Each lender has its own way of assessing how much money they are willing to let someone borrow, and those criteria can change. Fluctuations in the housing market can have an impact on lenders’ willingness to take risks, which means that many people these days are finding it difficult to get mortgages they would have received with ease ten years ago. Some things haven’t changed however, and one of those is that the biggest single factor that lenders assess in order to ascertain a borrower’s credentials is income.

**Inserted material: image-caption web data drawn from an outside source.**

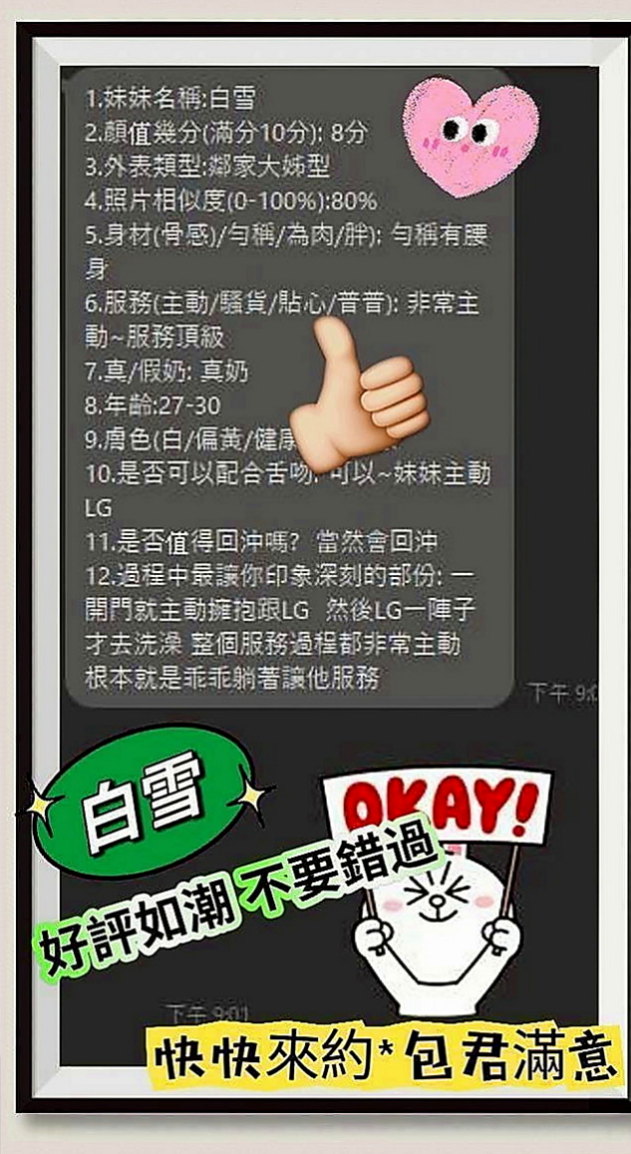 台北外約茶|叫小姐：棠如 |台中特價妹妹|164cm|53kg|D罩杯|22歲|之前還跟老公參加過聯誼的換妻什麼遊戲  真的很享受被填滿滿的感覺 只要讓她爽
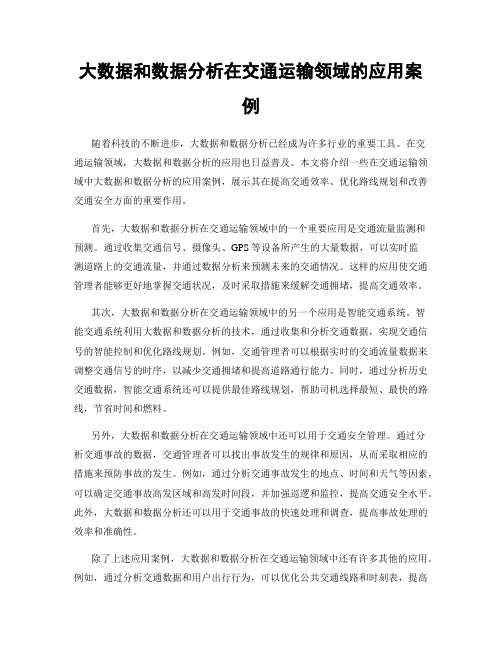 大数据和数据分析在交通运输领域的应用案例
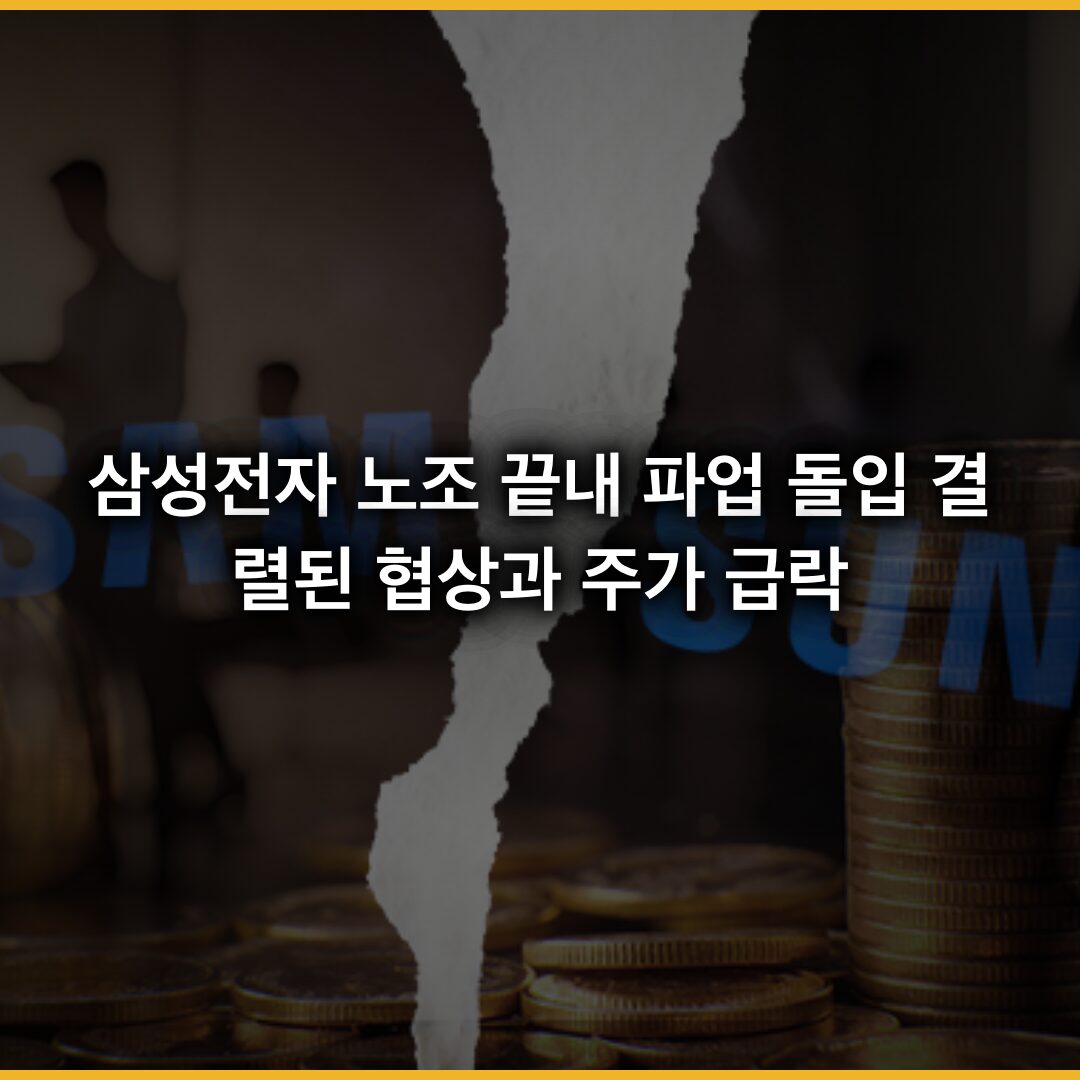 삼성전자 노조 끝내 파업 돌입…결렬된 협상과 주가 급락 삼성전자 노조 끝내 파업 돌입…결렬된 협상과 주가 급락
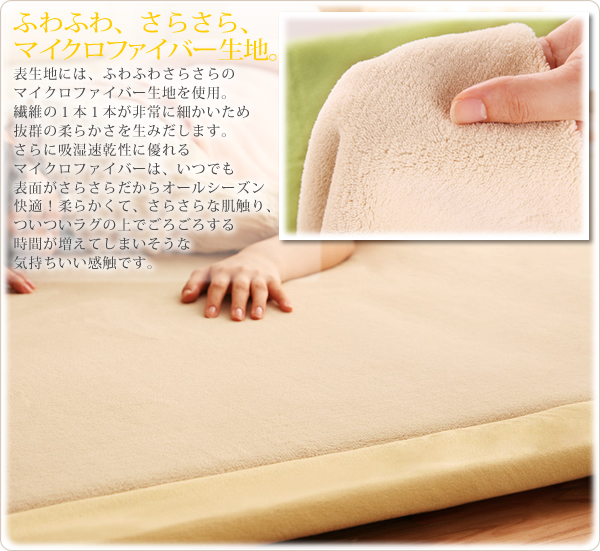 マイクロファイバーラグ fiesta フィエスタ 商品説明画像11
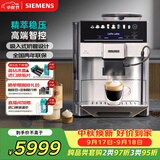 西门子（SIEMENS）【欧洲进口】欧洲热销170万台|进口EQ600全自动办公室咖啡机家用研磨一体机智控萃取TE603801CN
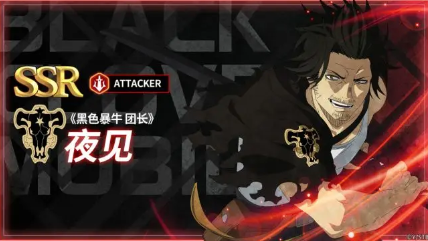 《黑色四叶草魔法帝之道》夜见技能图鉴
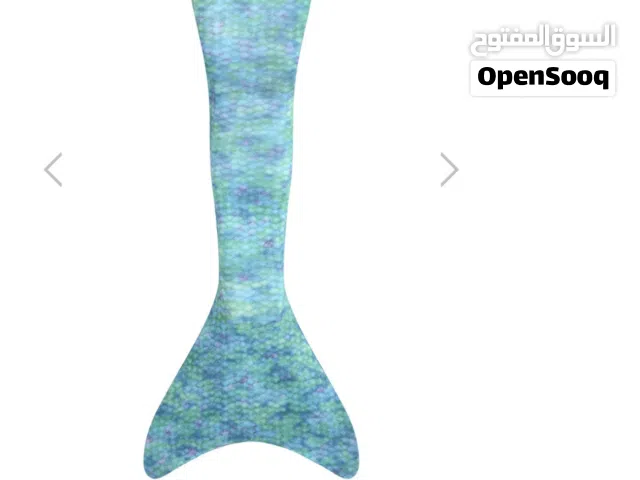 Mermaid tail along with awning clothes from Atlantis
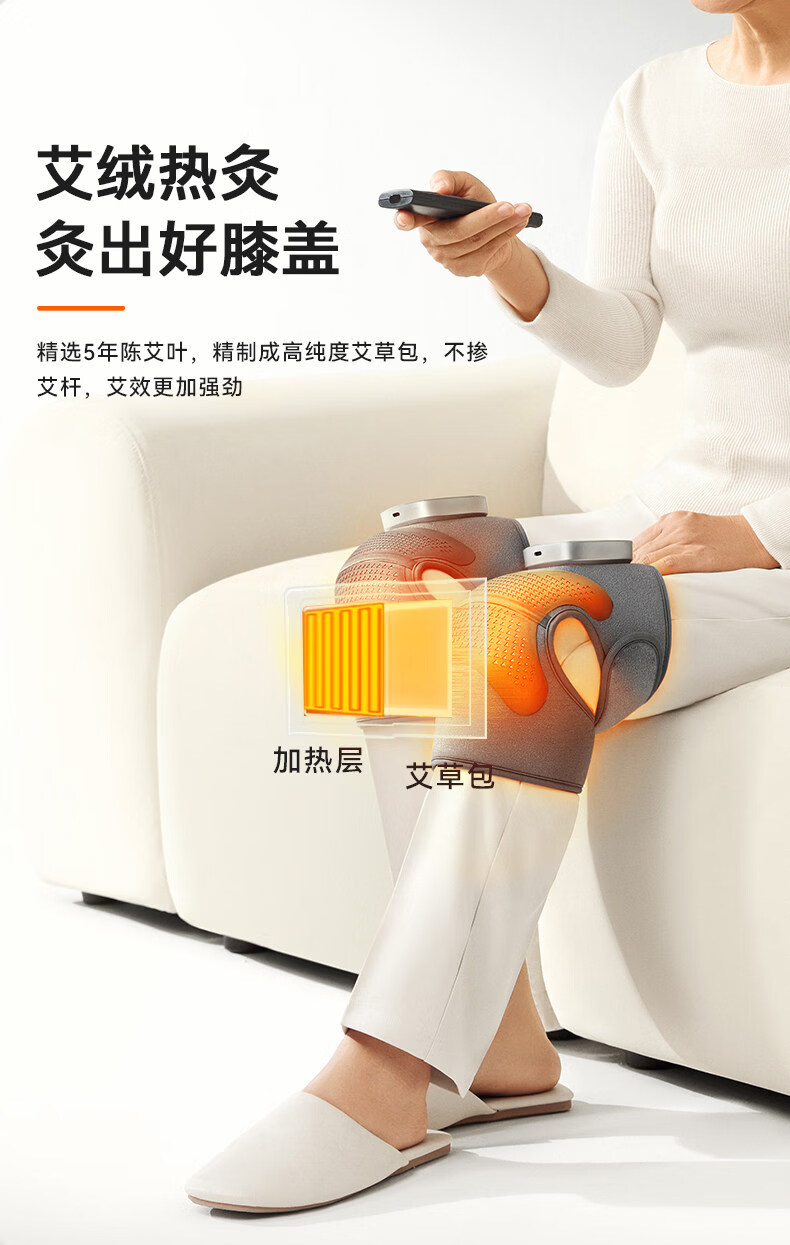 产品详情4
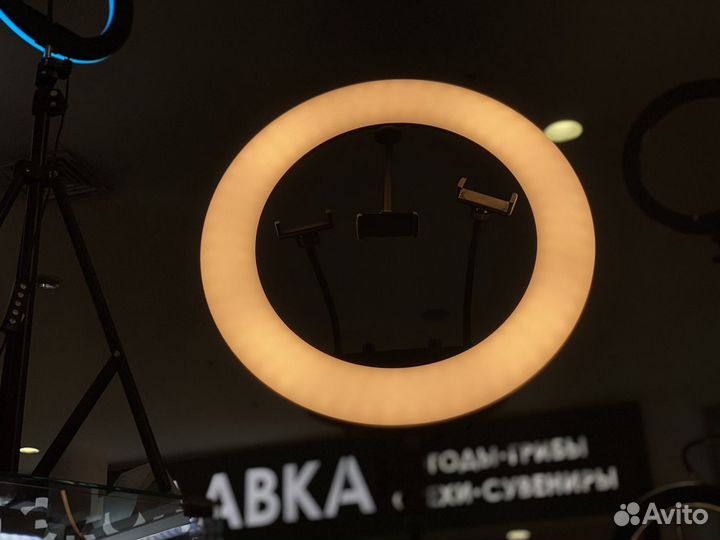 Лампа Кольцевая 46см / 18 Дюймов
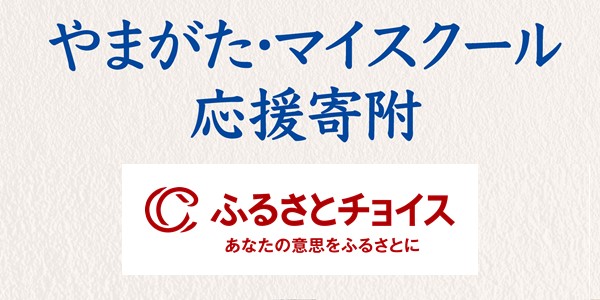 【ウェブサイト】やまがた・マイスクール応援寄附（外部リンク・新しいウインドウで開きます）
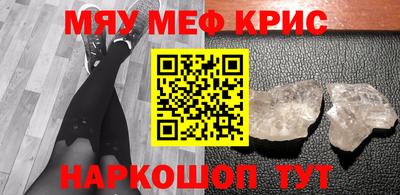 гашик Комсомольск-на-Амуре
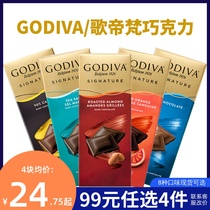 进口GODIVA歌帝梵巧克力排块72%黑巧扁桃仁海盐坚果夹心可可零食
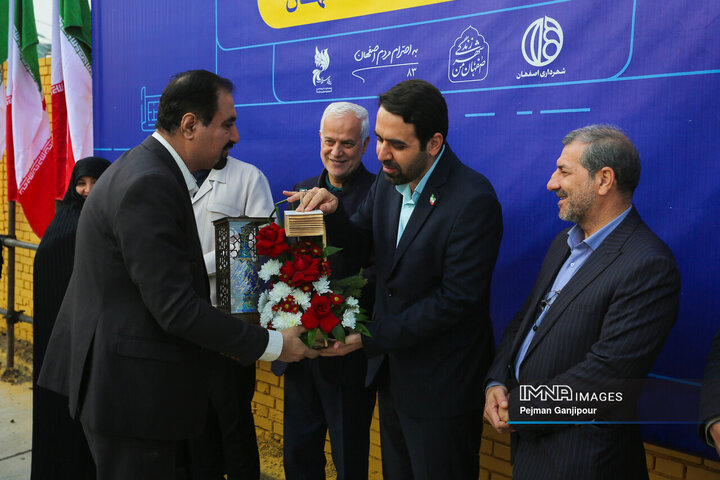 آیین بهره‌برداری از پروژه‌های منطقه 12 شهرداری اصفهان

In many cases the first thing a lender will do when assessing whether or not to give someone a mortgage is to conduct a quick affordability check. Put simply, this check involves taking the total income of those wishing to borrow and multiplying it by three or four. Consequently, if you want to get a rough ‘ball park’ figure of how much you can expect to be able to borrow from a mortgage lender, simply take your income (or combined income) and multiply it by three: this represents the low end of how much you can expect. Multiplying your income by four gives you the higher end of a possible total. So, if your income (or combined income) is £50,000, you can realistically expect to be able to borrow between £150,000 and £200,000.
Naturally, this calculation is no guarantee of success. Your personal circumstances and your outgoings will also be considered and may result in a lower or higher amount being offered than you previously expected. Self-employment, whether or not you have any dependents, the possible addition or otherwise of annual bonuses and so on, are all factors that are likely to influence a lender’s decision.
But the decision making process is not entirely based on income and outgoings. The size and location of the property also have a bearing, particularly with regards to whether or not it is appropriate or suitable for that person’s level of personal finance. The other major factor is the deposit.
How big is your deposit?
More and more, lenders are looking to see a substantial deposit before agreeing to give someone a mortgage. The likelihood of a borrower receiving a 100% mortgage, as used to happen frequently, is almost nil. Although lenders do give out mortgages with a high loan to value (LTV) rate (say 80% or even 90% – this means that the deposit is between 10% and 20%), these mortgages will come with higher rates of interest and comparatively unfavourable terms. Borrowers need to have a deposit of at least 25% (so the LTV is no more than 75%) in order to get the best deal possible.
As ever, getting good independent advice, and more than one quote from a selection of lenders, are the best ways of ensuring that you find a mortgage that suits you, both now and in the long term.